Yayuk R Suhardjo, peneliti LIPI yang ikut dalam penelitian tersebut, menuturkan bahwa kebanyakan spesies kumbang tersebut ditemukan terbatas pada cakupan areal yang sempit.
"Terkadang mereka hanya ditemukan di satu tempat tertentu. Kumbang-kumbang ini tidak bersayap, dan biasanya sudah tinggal jutaan tahun di tempat mereka berada. Ini membuat mereka rentan terhadap perubahan yang terjadi pada habitat mereka," jelasnya.!break!
Penelitian terbaru lain yang tidak kalah menggembirakan adalah ekspedisi yang dilakukan LIPI di daerah Lengguru, Kaimana, Papua Barat.

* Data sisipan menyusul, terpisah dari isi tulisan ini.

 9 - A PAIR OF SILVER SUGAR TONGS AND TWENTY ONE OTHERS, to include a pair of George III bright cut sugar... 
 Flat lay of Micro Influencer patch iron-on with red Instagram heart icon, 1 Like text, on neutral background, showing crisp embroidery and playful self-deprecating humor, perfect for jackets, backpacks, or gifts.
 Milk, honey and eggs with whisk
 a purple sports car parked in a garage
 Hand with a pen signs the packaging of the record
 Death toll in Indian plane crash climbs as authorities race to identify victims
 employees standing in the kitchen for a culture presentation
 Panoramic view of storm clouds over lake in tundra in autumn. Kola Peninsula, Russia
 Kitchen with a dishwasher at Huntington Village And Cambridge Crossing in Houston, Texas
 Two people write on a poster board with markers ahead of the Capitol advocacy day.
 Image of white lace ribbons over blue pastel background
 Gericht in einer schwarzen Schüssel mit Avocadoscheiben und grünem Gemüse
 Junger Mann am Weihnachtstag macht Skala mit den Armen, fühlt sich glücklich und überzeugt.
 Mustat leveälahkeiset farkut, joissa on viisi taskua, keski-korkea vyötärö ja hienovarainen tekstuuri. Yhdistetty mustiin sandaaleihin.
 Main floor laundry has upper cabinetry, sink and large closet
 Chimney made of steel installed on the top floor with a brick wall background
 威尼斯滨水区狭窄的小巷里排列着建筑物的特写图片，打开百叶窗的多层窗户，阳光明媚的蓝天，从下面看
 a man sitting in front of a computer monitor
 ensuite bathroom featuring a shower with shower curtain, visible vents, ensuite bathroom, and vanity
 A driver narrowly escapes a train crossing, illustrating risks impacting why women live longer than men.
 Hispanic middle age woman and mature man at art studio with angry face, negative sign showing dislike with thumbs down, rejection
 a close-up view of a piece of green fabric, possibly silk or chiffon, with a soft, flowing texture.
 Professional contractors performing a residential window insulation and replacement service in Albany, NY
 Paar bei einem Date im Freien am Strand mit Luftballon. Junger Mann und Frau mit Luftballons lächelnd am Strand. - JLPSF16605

Berlangsung selama beberapa tahun ini berfokus untuk mempelajari berbagai proses serta interaksi antara geodinamika, keanekaragaman hayati, serta kehidupan sosial manusia di tengah-tengah lingkungan karst di Papua Barat, baru-baru ini Ekspedisi Lengguru menghasilkan sejumlah temuan termasuk spesies yang diduga baru.
Spesies-spesies tersebut antara lain 37 spesies kupu-kupu, 30 spesies amfibi, 50 spesies reptil dan sejumlah spesies anggrek. Temuan tersebut dihasilkan dari ekspedisi yang dilakukan pada 17 Oktober – 20 November 2014.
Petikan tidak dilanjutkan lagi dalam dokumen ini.